The publishing world is changing faster than most people can keep up with, myself included. While I was writing my memoir I tried to keep up by reading about the changes that were happening and listening to the excellent teleseminars put on by the National Association of Memoir Writers. I didn’t arrive at the end of my writing journey completely in the dark.
There are many options to consider when thinking about publication. The stigma that once existed around self-publishing is largely disappearing, as more and more writers are opting to self-publish print on demand (POD) books with companies like Lulu or CreateSpace.

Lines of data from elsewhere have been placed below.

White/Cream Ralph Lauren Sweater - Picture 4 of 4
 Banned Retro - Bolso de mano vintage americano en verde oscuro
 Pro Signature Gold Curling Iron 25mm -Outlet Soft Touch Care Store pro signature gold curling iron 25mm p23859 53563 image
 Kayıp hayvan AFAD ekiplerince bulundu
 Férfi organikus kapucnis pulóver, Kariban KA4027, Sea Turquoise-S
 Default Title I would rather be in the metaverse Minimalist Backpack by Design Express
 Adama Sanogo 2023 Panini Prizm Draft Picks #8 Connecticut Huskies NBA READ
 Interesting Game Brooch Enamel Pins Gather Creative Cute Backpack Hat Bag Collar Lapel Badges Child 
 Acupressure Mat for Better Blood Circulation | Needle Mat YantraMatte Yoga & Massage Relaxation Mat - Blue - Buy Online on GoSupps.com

With the rise in the popularity of e-readers like the Kindle, Nook and the iPad some authors are publishing only in e-book format. Author Amanda Hocking began self-publishing young adult ebooks in 2010 and by early 2011 she was selling an average rate of 9,000 books every day. In 2011 she signed a contract with St. Martin’s Press for four books at price of two million dollars!
There are a plethora of smaller independent and university publishers like Seal Press and Coteau Books, there are the big boys in New York like Simon & Schuster and Random House, and there is Amazon who recently announced they are entering the publishing arena and paid $800,000 for a memoir by actress and director Penny Marshall.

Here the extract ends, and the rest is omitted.